The probabilities of each DNA result in our crime stain profile are multiplied together using the product rule and minor adjustments are made to the final match probability figure to take account of possible relatedness and other factors. Why then, is the answer always one in a billion? Well, erm… it isn’t!
In the early days of DNA evidence and statistical interpretation, match probabilities were calculated for many real and some made up DNA profiles. Think of this as a testing or validation phase. Even for the most common DNA profile – a created profile containing the most frequent results at each area – the match probability is a very small fraction of one in a billion (or one in an inconceivably large number.) In other words, match probabilities show that all profiles are considerably rarer than one in a billion.
It was agreed at that time to use ‘one in a billion’ as a cut off point. Match probabilities rarer than this might become incomprehensible to jury members, and this has been accepted as standard practice in the UK, whilst scientists in other countries quote the true match probability. Could this affect court proceedings? Recent research in the US suggests that the so called CSI effect (jurors being more likely to reach a guilty verdict if the case includes forensic evidence) is not as pronounced as anticipated, but the effects of quoting such inexplicable numbers remains unclear.
A match probability is less rare (one in a smaller number) for partial profiles, or if relatives are being considered in the defence proposition. For example, the DNA match is estimated to be ten thousand times more likely if the blood is from the suspect rather than from his brother.
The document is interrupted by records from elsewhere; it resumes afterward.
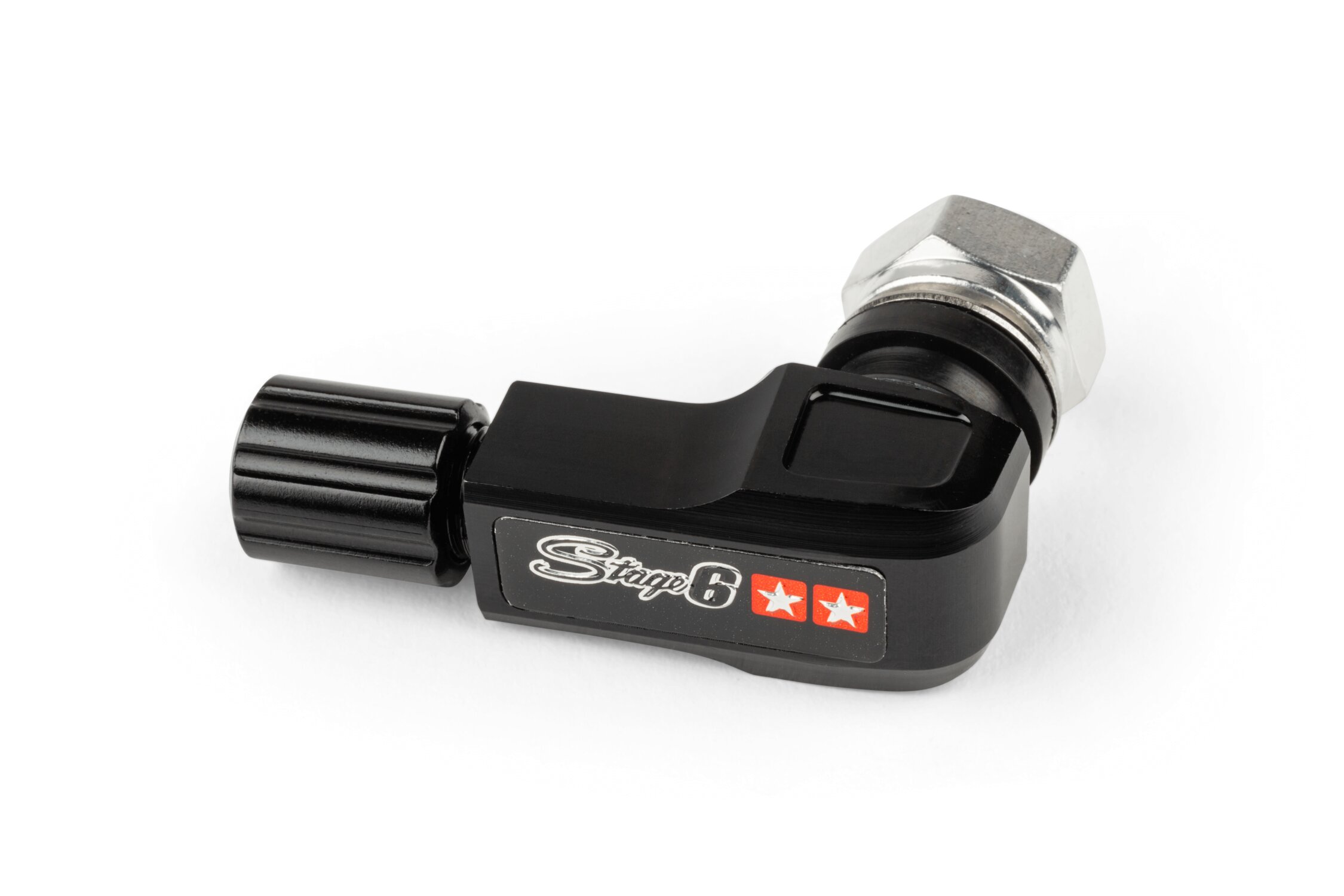Stage6 Valve de pneu coudé 90° Noir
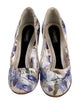 Dolce & Gabbana Canvas Printed Slingback Pumps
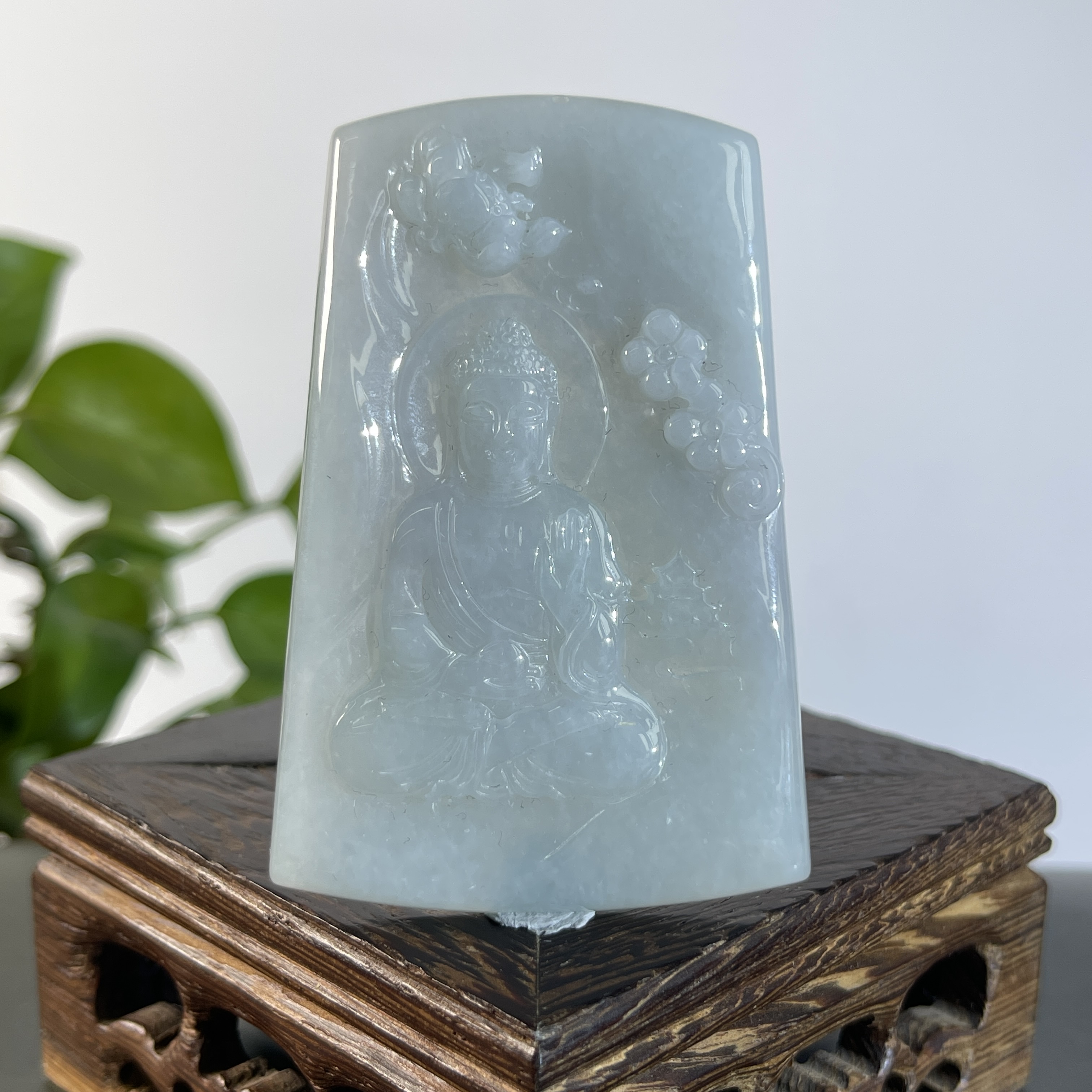 JSB27-49 天然翡翠缅甸A货 大日如来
Plans are afoot to introduce a new sixteen area DNA profiling system to the UK. In my view, the estimated match probability should remain at one in a billion, even though the system will have greater discriminating power, i.e. less chance of an adventitious match. To illustrate this, consider a huge car park. The chance of observing a red car might be relatively high, since red cars are not that unusual. What if the red car had also to have leather upholstery? This might decrease the chances of finding a vehicle matching our criteria. If we are then asked to estimate the chances of a red car with leather upholstery and a particular brand of audio equipment, the chances decrease further. In fact, the chance of observing a vehicle matching all the criteria becomes less likely, the more criteria there are. Therefore, by adding five additional criteria to the DNA profiling tests, the chances of findings a match should be less likely if the DNA is from anyone other than the matching suspect.
A DNA match may be a very powerful piece of evidence, but the question the courts really want the answer to is ‘How did the DNA get there?’ There should always be context. If the blood isn’t from the suspect, which members of the general population were in the vicinity of the crime scene at the time? More importantly, the suspect might have a valid reason for the presence of his blood at the scene.
Finally, if real match probabilities are so minute, why isn’t it better to simply say that the matching DNA is from that person? Well, unless a scientist has compared the entire DNA sequence from a crime stain, with the genome of the suspect (his entire DNA) and found that every base pair matches, they could never be 100% sure, especially if the suspect has an identical twin. Aside from the legal reasons, it just wouldn’t be accurate, and scientists hate inaccuracy.